[Caption-style text data]
|---|
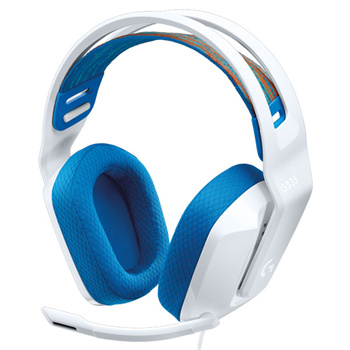 Logitech G335 Wired Gaming Headset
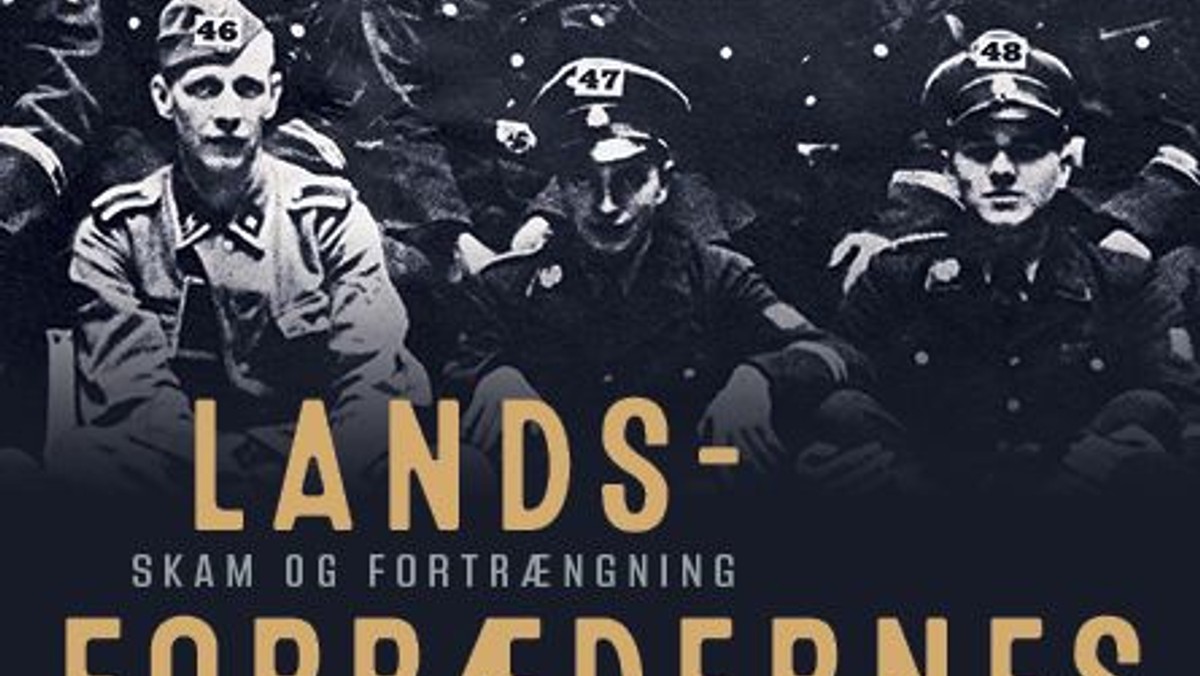 Ama´r Saloon - "Landsforrædernes børn"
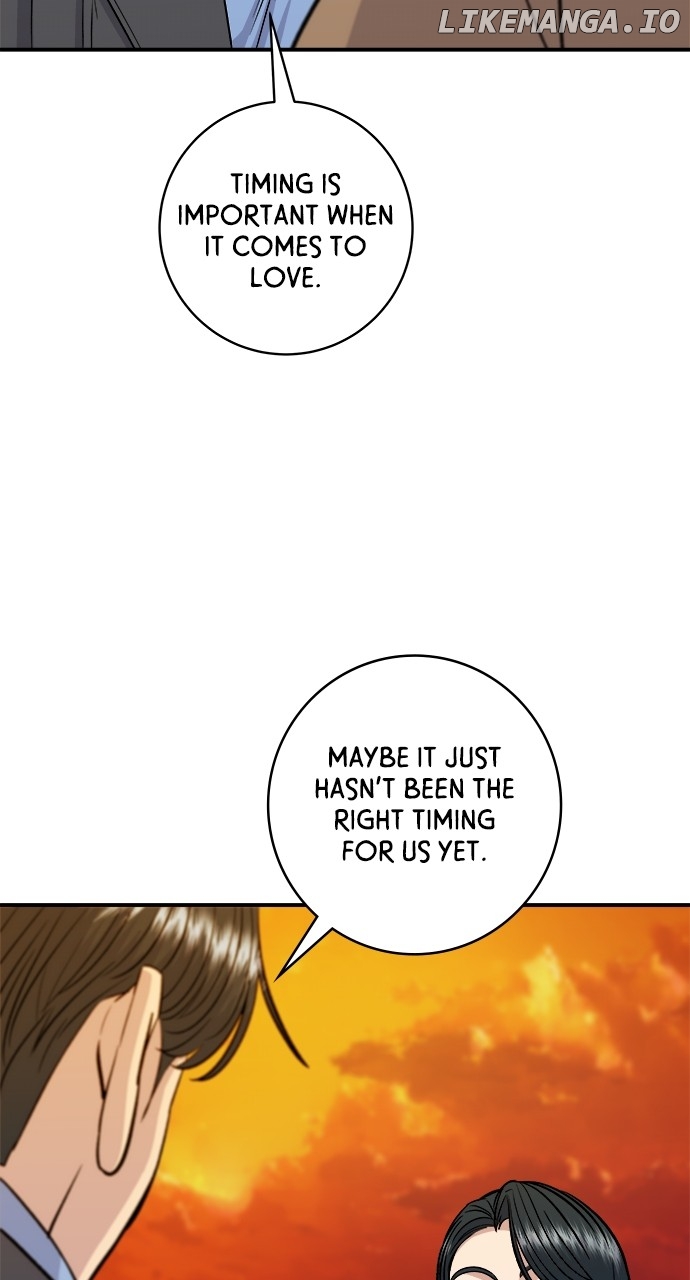 A DeadbEAT’s Meal Chapter 127 - Page 70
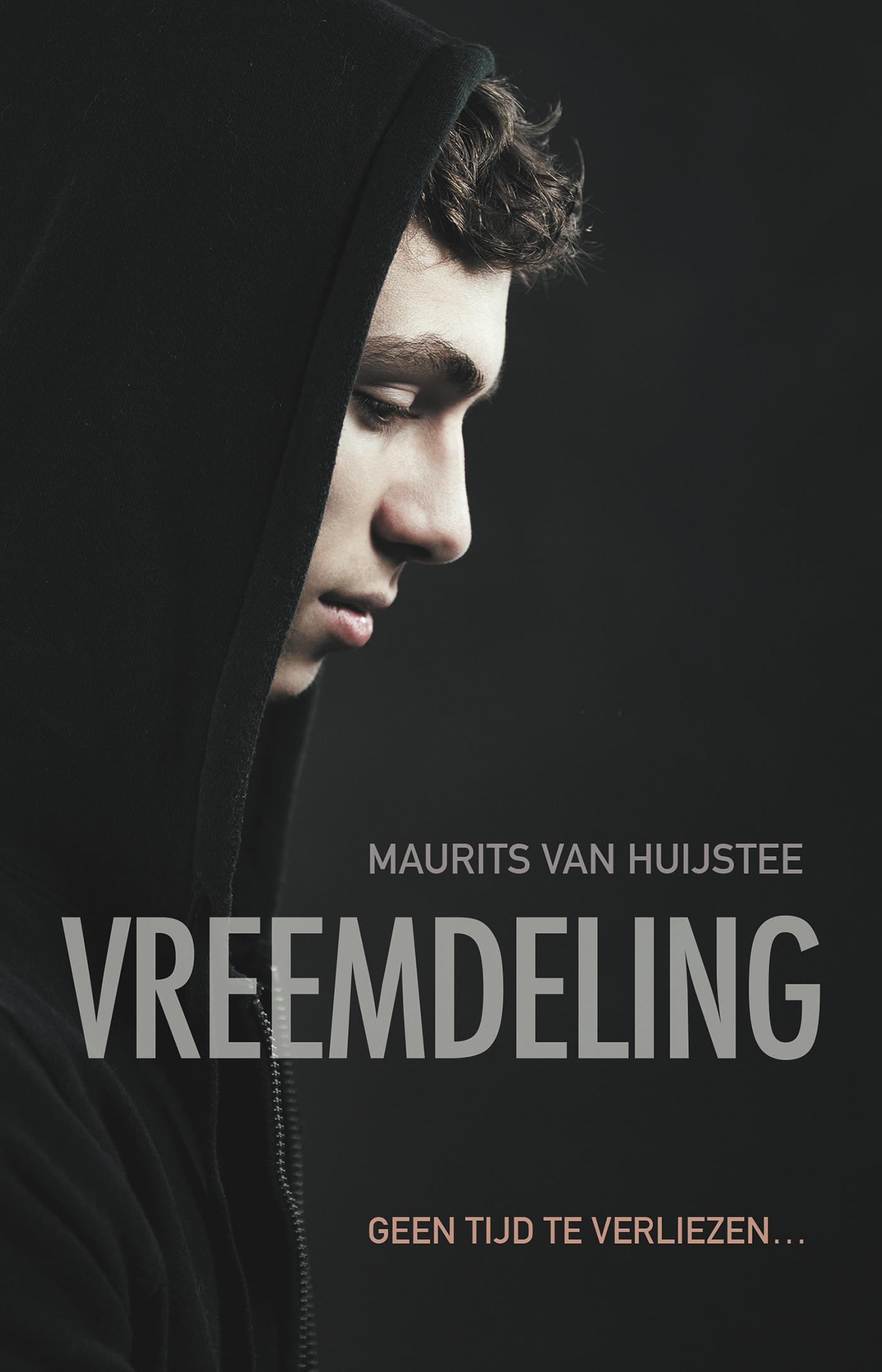 Vreemdeling : geen tijd te verliezen...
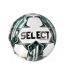 Ballon De Foot Numero Taille 5 Blanc Vert Select-1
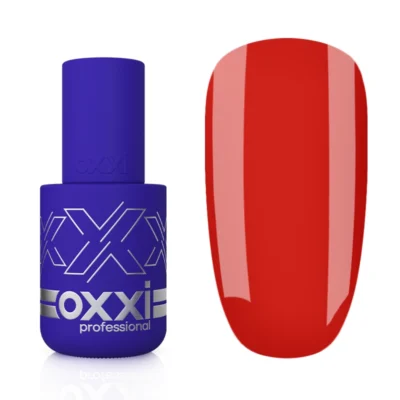 Гель-лак Oxxi №002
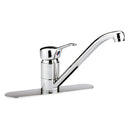 MONOMANDO PARA FREGADERO NOVUS-E-34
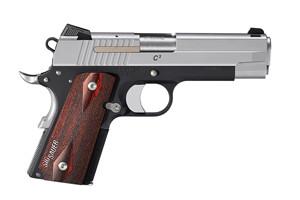 Sig Sauer 1911 C3+ Compact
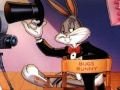 Bugs Bunny: Hidden Objects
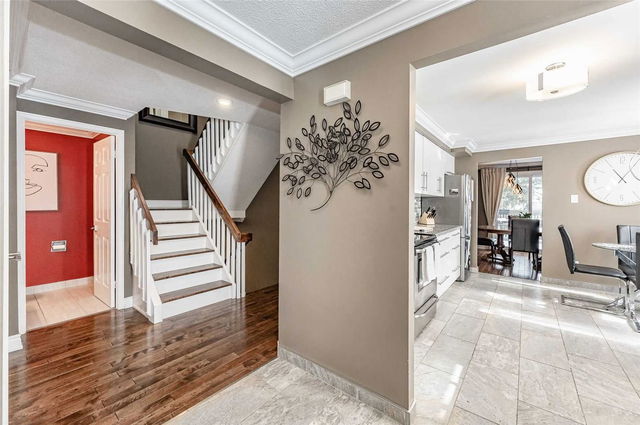 3 - 1510 Upper Middle Road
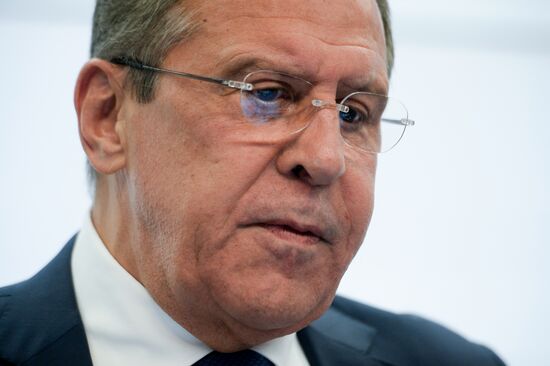 SPIEF-2016 Valdai Club session "Russia and the EU: What follows the 'strategic partnership' that never happened?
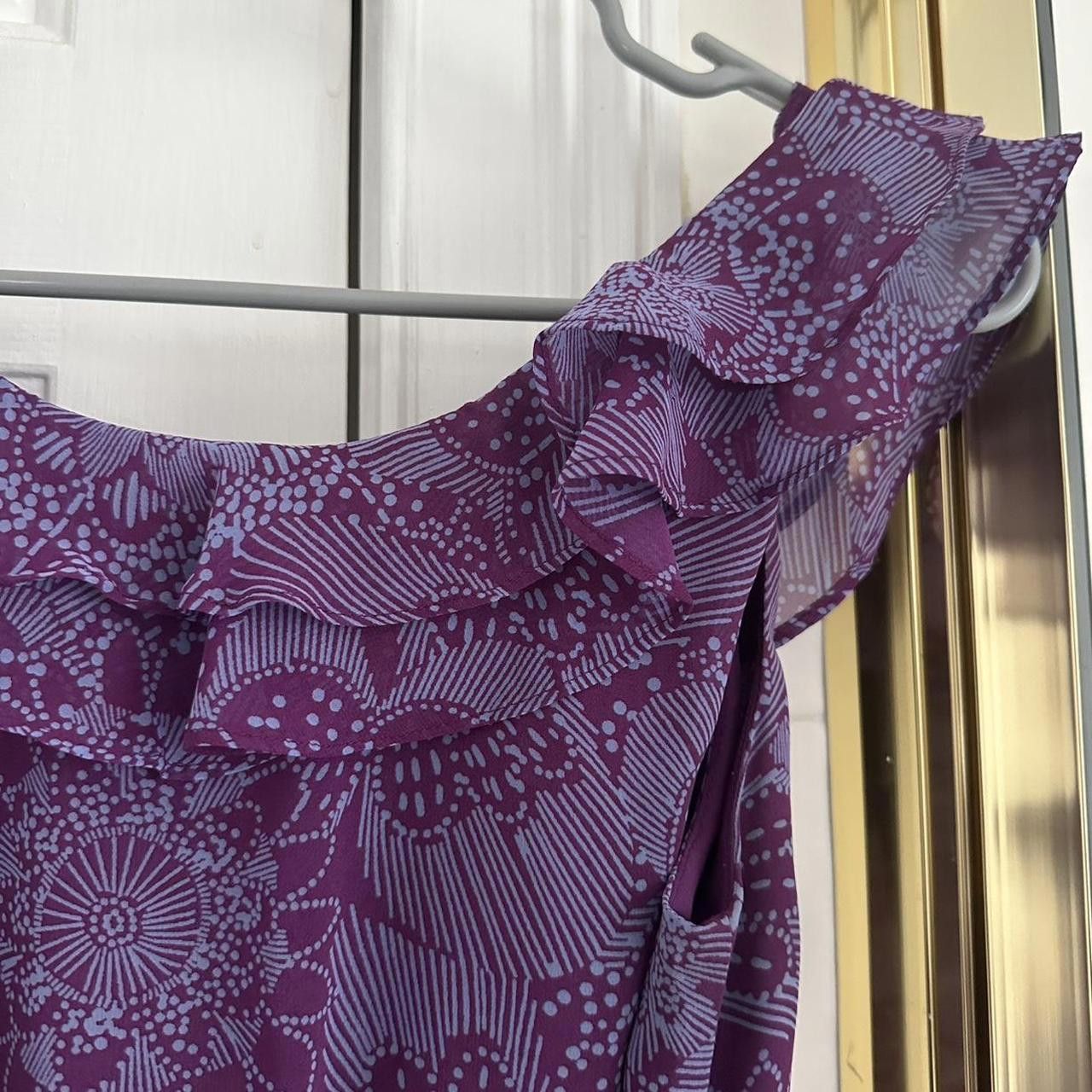 Ellesse ELLE Women's Purple Dress Size XS / US 0-2 / IT 36-38 - 3 Thumbnail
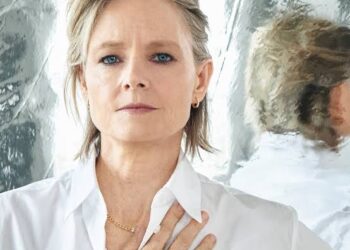 HERE WE GO:THIS DAY IN THE HISTORY OF HOLLYWOOD JODIE FOSTER BECOMES THE FIRST TO….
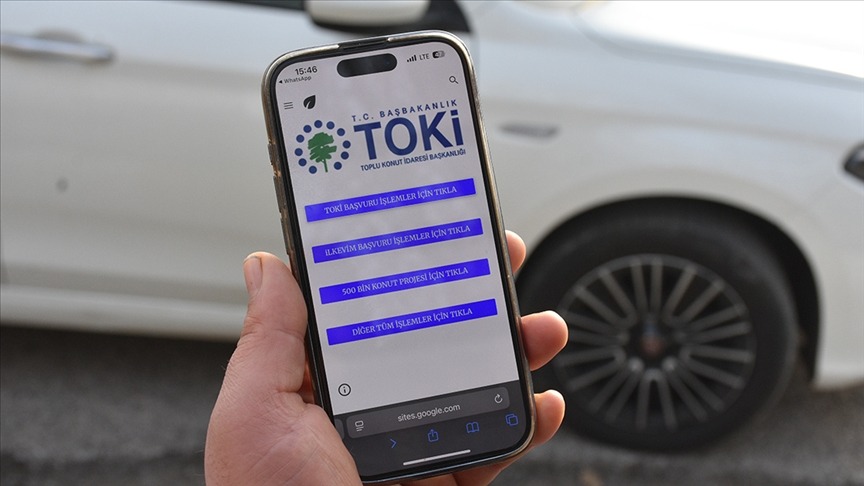 Sahte sitelere girince dolandırıldılar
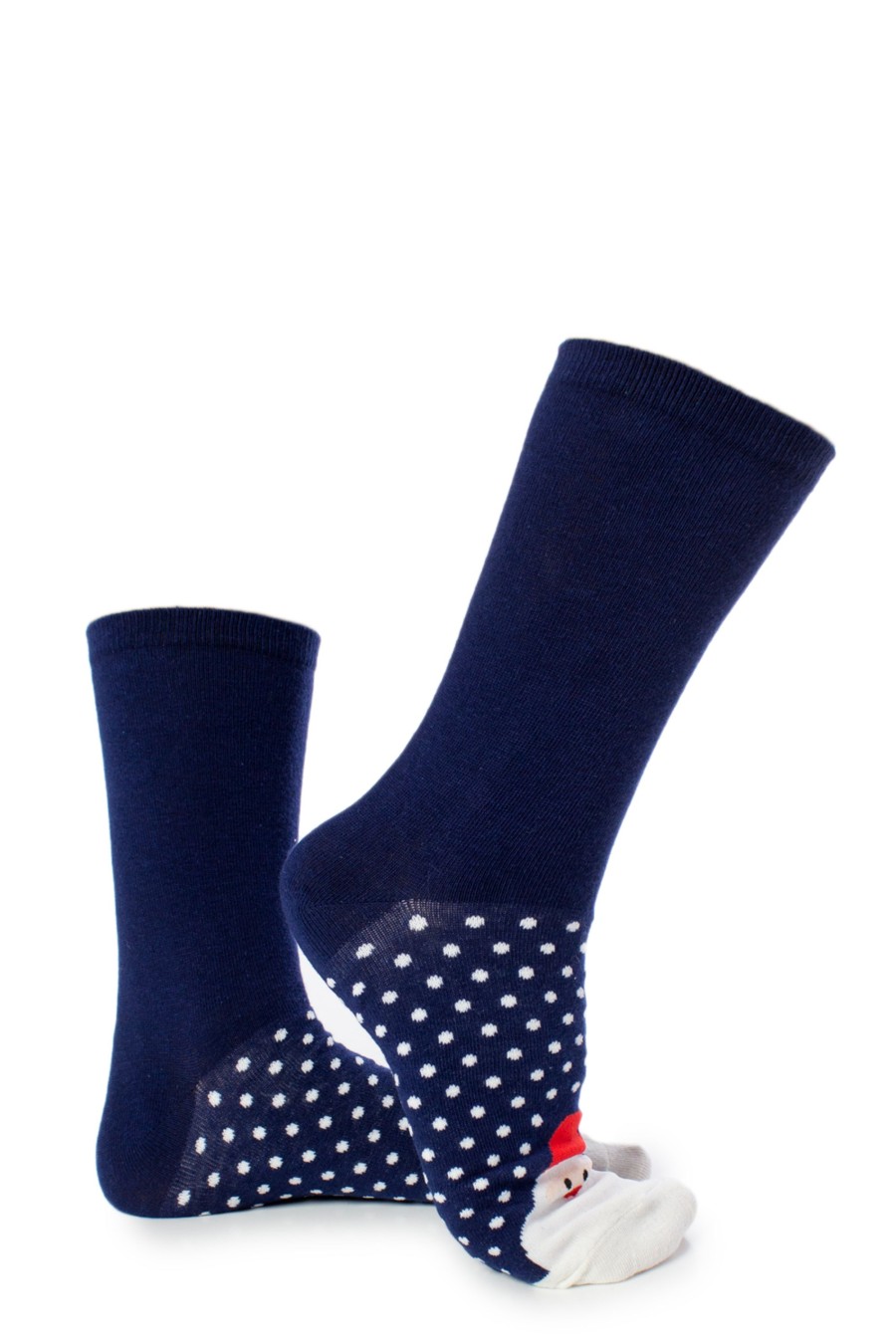 Uomo Only & Sons | Calzini Lunghi Only & Sons Noel X Sock 4-Pack Blue Scuro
|---|
- Work order: Leave the pictures out and print every record exactly.

- Worked solution:
 Logitech G335 Wired Gaming Headset
 Ama´r Saloon - "Landsforrædernes børn"
 A DeadbEAT’s Meal Chapter 127 - Page 70
 Vreemdeling : geen tijd te verliezen...
 Ballon De Foot Numero Taille 5 Blanc Vert Select-1
 Гель-лак Oxxi №002
 MONOMANDO PARA FREGADERO NOVUS-E-34
 Sig Sauer 1911 C3+ Compact
 Bugs Bunny: Hidden Objects
 3 - 1510 Upper Middle Road
 SPIEF-2016 Valdai Club session "Russia and the EU: What follows the 'strategic partnership' that never happened?
 Ellesse ELLE Women's Purple Dress Size XS / US 0-2 / IT 36-38 - 3 Thumbnail
 HERE WE GO:THIS DAY IN THE HISTORY OF HOLLYWOOD JODIE FOSTER BECOMES THE FIRST TO….
 Sahte sitelere girince dolandırıldılar
 Uomo Only & Sons | Calzini Lunghi Only & Sons Noel X Sock 4-Pack Blue Scuro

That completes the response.